Having worked in veterinary science for 12 years, and her husband studying agriculture, they both have heart in that space and are focused on the biology of beekeeping and farming – the physical production of a commercial product only consumes 10 per cent of Leisa’s time.

As Leisa doesn’t heat the honey or microfilter it, she just takes out the wax, she says the end result is a celebration of the tastes of the season, including eucalyptus, paperbark and melaleuca forest.

“Bees have two stomachs, one for their own resources and a honey stomach. When they go out and forage on the flowers, they’re drawing up the nectar and that mixes with their enzymes and they then transfer it at the hive, usually to another bee, and those enzymes work with the nectar glucose and fructose molecules – and every flower is different, therefore the flavours are really different,” she says.

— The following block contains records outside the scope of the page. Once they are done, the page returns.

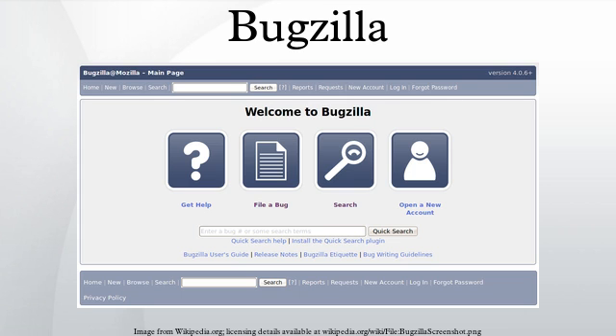By design, Bugzilla is programmed to return the string "zarro bugs found" instead of "zero bugs found" when a search for bugs returns no results. "Zarro bugs" is a meta statement about the nature of software debugging. Bug tracking systems like Bugzilla readily describe how many known bugs are outstanding. The response "zero bugs" is intended as a buggy statement itself, implying that even when no bugs have been identified, software is still likely to contain bugs that haven't yet been identified.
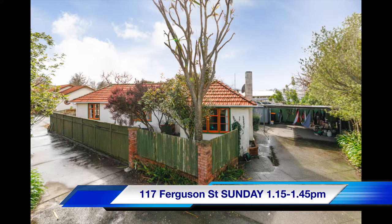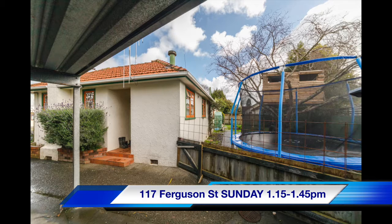The first one is 117 Ferguson Street. It's a bit of a doer-upper — there's a little bit of work to do on it, but it is a good location there in West End. It's a two-bedroom house with a little bit of a yard, fenced in, so good for kids and good for pets as well.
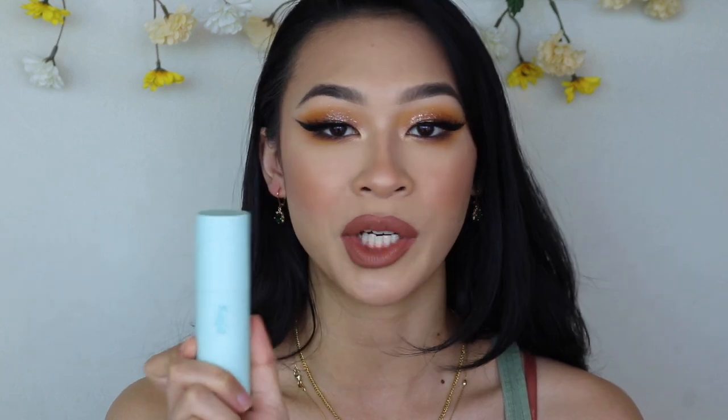First up is my oldest primer in my collection: the Kaja Blur Drop. It's a weightless water, silicone-based primer. I want to use this because it is pretty old and I don't necessarily use a lot of silicone primers in general, so I feel like I can go through this pretty fast. The next one I have is the Juno and Co Moonshine Miracle Cream. I'm halfway done with this, but a little bit goes a very long way.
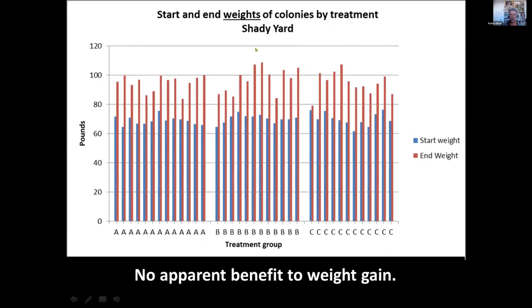Looking at weight gain, starting weight was blue and ending weight was red. There was no difference between the three different treatments on weight gain. Right now, my data does not support the claims that these probiotics were beneficial for colony strength or weight gain.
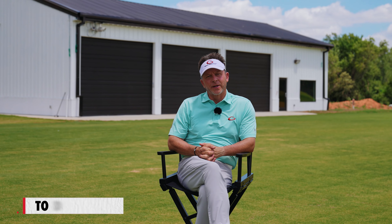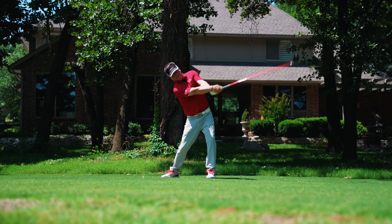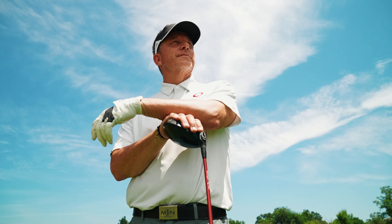Hey, it's Todd with Single Point Academy. So a lot of people ask me, what's the most effective way to get the most out of my practice?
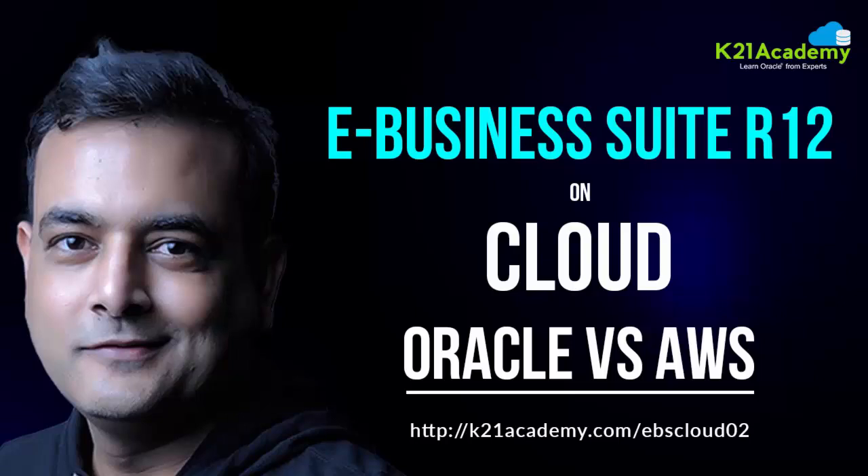Welcome to another tech tip from K21 Academy. My name is Atul Kumar and in this short video we are going to look at Oracle eBusiness Suite R12 — that is ERP/CRM — which is mainly used for financials, HCM, supply chain management, and many other applications. We'll cover the deployment of eBusiness Suite on cloud: Oracle versus AWS, or Amazon Web Services.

“The bees put that nectar into a honey cell in the frame and dehydrate it (nectar is over 80 per cent water content) by fanning it and using the warmth of the hive to bring it to under 20 per cent. Those enzymes are unique, that’s why honey is such a unique compound, it’s not another plant syrup.

“It ripens and the bees will cap it with wax and then we have infinite shelf life with cold extracted honey and honeycomb. There have been articles where they’re finding viable honey in the Egyptian tombs.”

While the cold extracted pure raw honey is delicious in its own right, Leisa has experimented with cold infusion, collaborating with other local producers, and the end result is award-winning.

At Fine Foods in Melbourne, Hum Honey beat 400 other products to win Best New Australian Made product for her range of five new flavours – chilli, finger lime, black garlic, turmeric and rose petal.

A week later Hum Honey won champion regional food (other) product at the Sydney Royal Fine Food Show for the lemon myrtle cold fusion which also won gold in the regional food class, Australian lavender and cinnamon quill each won silver and the organic Australian ginger won bronze.

With plans to open the farm to the public so you too can experience life as a beekeeper (complete with the suit of course), and collaborations already in place to introduce even more delicious flavours to her range, Leisa sure is going to be one busy bee.